The scheduled deportation flight, the second to Haiti this month, left Alexandria, La., shortly before 8 a.m. EDT and is scheduled to land in Port-au-Prince shortly after 11 a.m.
“Those two cannot happen at the same time. You cannot be evacuating people and deporting people at the same time. That is beyond inhumane. It is definitely a violation against human rights,” said Guerline Jozef, executive director of the Haitian Bridge Alliance.
According to unconfirmed reports Wednesday, the flight was scheduled to depart with more than 60 Haitians on board.
Immigration and Customs Enforcement (ICE) did not immediately return a request for comment.
Earlier in August, ICE commissioned about 850 flights to move immigration detainees within the United States, a 50 percent increase from the month before, as well as approximately 150 removal flights, up 51 percent from July.
ICE air operations are at a 44-month high, and the 150 removal flights this month are the most since September of 2021, when the Biden administration operated 193 such flights, including many to Haiti.
ICE has also increased the visibility of those flights, touting its efforts to repatriate foreign nationals: On Wednesday, it offered media footage of three separate deportation flights to Ecuador.
Though advocates have been sharply critical of the Biden administration’s policy of parading deportee “perp walks,” ICE has continued to distribute the footage.
And human rights advocates are baffled over many elements of the administration’s policies toward Haiti, from its support for the current regime to continued deportations to a country in chaos.
“What’s unconscionable is that the U.S. is propping up the illegitimate and abhorred regime which is responsible for the hellish conditions Haitians endure every day,” said Steven Forester, immigration policy coordinator at the Institute for Justice and Democracy in Haiti.
Jozef said the administration’s record on Haiti has some bright spots, with policy wins such as the expansion of Temporary Protected Status (TPS) for Haitians.
“We fought really hard to get TPS, we say thank you for that; really hard for the humanitarian parole, thank you for that.
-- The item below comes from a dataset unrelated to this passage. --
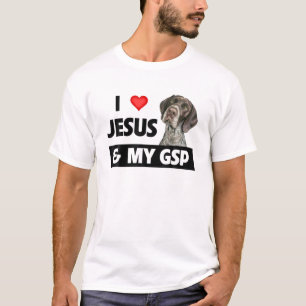 Ik hou van Jezus en van mijn SAP-vader. T-shirt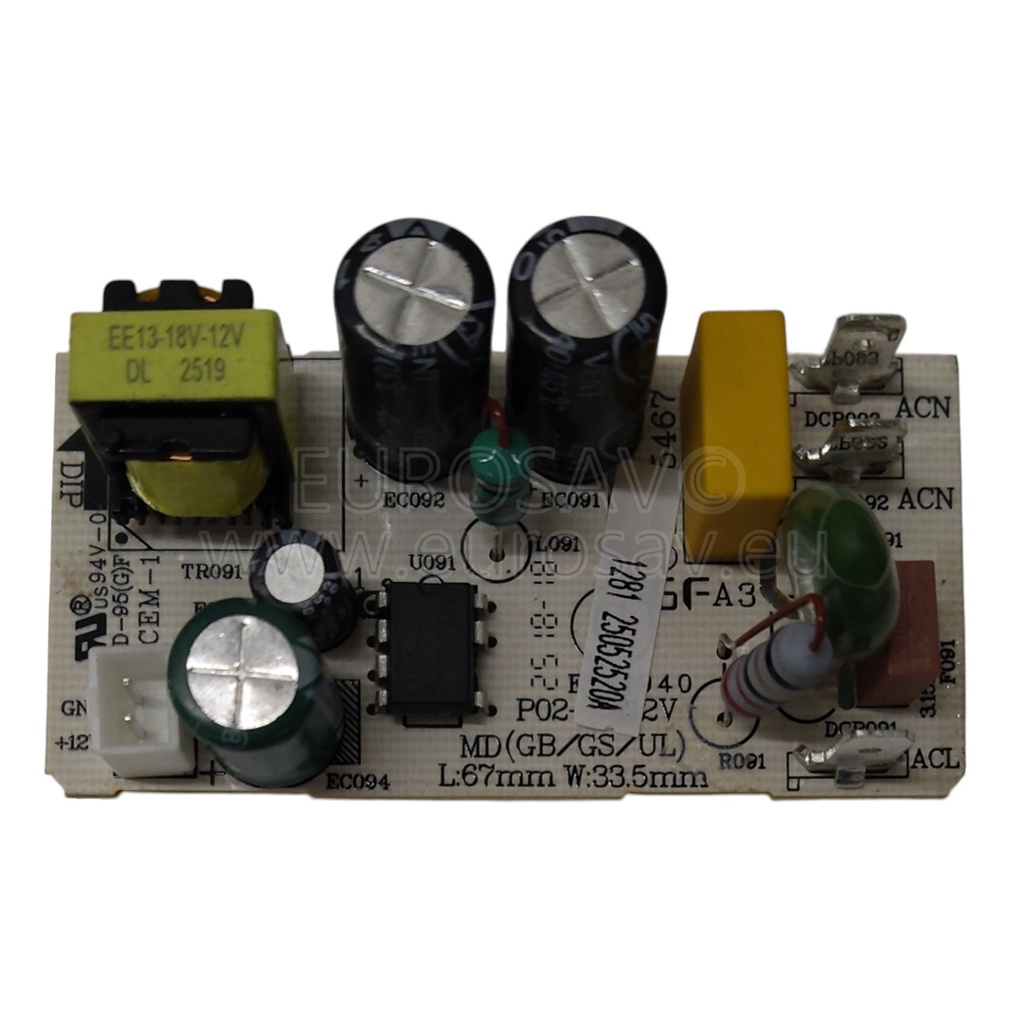 CARTE ELECTRONIQUE ALIMENTATION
We worked really hard for them to push on family reunification. Not only do we support, we work with them, and we say thank you for that and we continue to do so,” said Jozef.
“However, when what they are doing is wrong, we have to hold them accountable.”
On July 27, the State Department issued a “do not travel” notice for Haiti; ICE did not conduct removal flights to the country that month.
Over that month, conditions there continued to deteriorate with the kidnapping of a U.S. national and her daughter, and an announcement that a U.N.-brokered, Kenya-led peacekeeping force, supported by the United States, would be deployed to Haiti.
On Aug. 2, ICE repatriated 55 people to Haiti.
On Wednesday, the State Department escalated its warning on conditions in Haiti, calling on all U.S. nationals to leave the country “as soon as possible via commercial or private transport,” just hours before Thursday’s removal flight.
“Our ask is for the United States to turn that plane around,” said Jozef.
“The United States must not deplane people, deported people. They need to turn that thing around.”